Mit Hilfe von Gaschromatografen ermittelte Joseph Byron, Doktorand am MPI für Chemie, stündlich die Emissionen von alpha-Pinen, Camphen, Limonen, Terpinen und Isopren. Da er und seine Kolleginnen und Kollegen herausfinden wollten, wann die Pflanzen welche chirale Form verströmen, nutzten sie die Fotosynthese: Sie ließen zu bestimmten Zeiten „schweres“ Kohlendioxid (13CO2) in die Luft der Biosphäre einströmen. Ein Kohlenstoffatom des Kohlendioxids enthielt ein zusätzliches Neutron, war also isotopisch markiert und gab so Aufschluss über den pflanzlichen Stoffwechsel. Mit einem an den Chromatografen gekoppelten Massenspektrometer verfolgte das Team dann, welche Monoterpene schwere Kohlenstoffatome enthielten und welche nicht.

Schweres Kohlendioxid gibt Einblick in den pflanzlichen Stoffwechsel

„Zu unserem Erstaunen verhielten sich viele Spiegel-Moleküle bei Trockenstress unterschiedlich“, kommentiert Erstautor Joseph Byron. „So war (-) alpha-Pinen markiert, (+) alpha-Pinen, was wir gleichzeitig gemessen haben, hingegen nicht.“ Das bedeutet, dass das Ökosystem des tropischen Regenwaldes (-) alpha-Pinen direkt nach der Synthese abgibt, während das Spiegelmolekül aus Speichern der Pflanze stammt.

Mehr Trockenheit führt zu tageszeitlicher Verschiebung der Monoterpen-Emissionen

Außerdem stellten die Forschenden fest, dass mit fortschreitender Trockenheit nicht nur mehr Monoterpene freigesetzt wurden, sondern sich auch das Maximum der Emissionen immer weiter in den Nachmittag verschob und die Pflanzen mehr Monoterpene aus Speicherpools freisetzten.
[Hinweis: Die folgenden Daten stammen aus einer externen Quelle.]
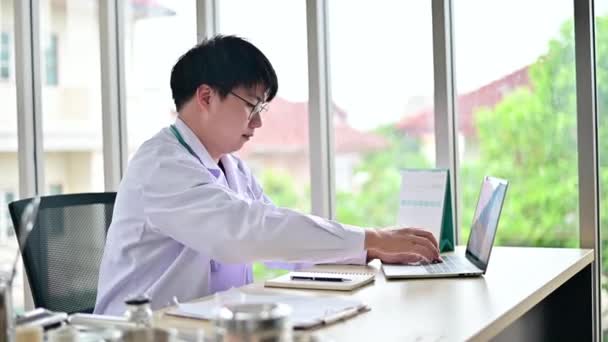 Médico Masculino Trabalhando Com Laptop Escrevendo Notebook Mesa Hospital — Vídeo de Stock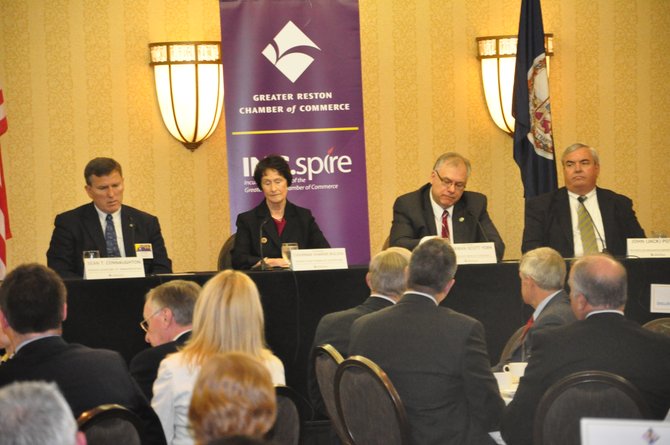 From left, Virginia Secretary of Transportation Sean Connaughton, Fairfax County Board of Supervisors Chair Sharon Bulova, Loudoun County Board of Supervisors Chair Scott York and Metropolitan Washington Airports Authority President Jack Potter speak at a Greater Reston Chamber of Commerce event Wednesday, March  28.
Und das könnte einen Grund haben, vermutet Projektleiter und Atmosphärenforscher Jonathan Williams: „Vermutlich erhöht die spätere Freisetzung der Monoterpene die Wahrscheinlichkeit, dass sich über dem Wald Wolken bilden. Denn je wärmer es im Lauf des Tages wird, um so mehr nimmt die vertikale Durchmischung der Luft zu. Dadurch gelangen die reaktiven flüchtigen Stoffe in höhere Luftschichten und haben dort eine größere Chance, zu Aerosolpartikeln und schließlich zu Wolkenkondensationskernen zu werden.“

Der Max-Planck-Forscher Williams resümiert aus den Biosphäre 2-Untersuchungen: „Um genaue Vorhersagen über die Reaktionen eines Ökosystems auf Stress treffen zu können, sollten wir zukünftig Emissionen von chiralen Molekülen getrennt messen und modellieren. Das ist besonders für den Amazonasregenwald wichtig, für den Klimamodelle mehr Dürren voraussagen.“ Der Gruppenleiter vom Max-Planck-Institut für Chemie in Mainz ergänzt: „Ich bin davon fasziniert, dass wir über die Messung der Luftzusammensetzung interne, enzymatisch angetriebene physiologische Prozesse des Waldes entschlüsseln können. Dies wird uns sicher helfen, auch Effekte aufzuklären, die wir im echten Regenwald beobachtet haben.“ Williams‘ Team forscht seit Jahren auch im brasilianischen Regenwald am Amazon Tall Tower Observatory ATTO.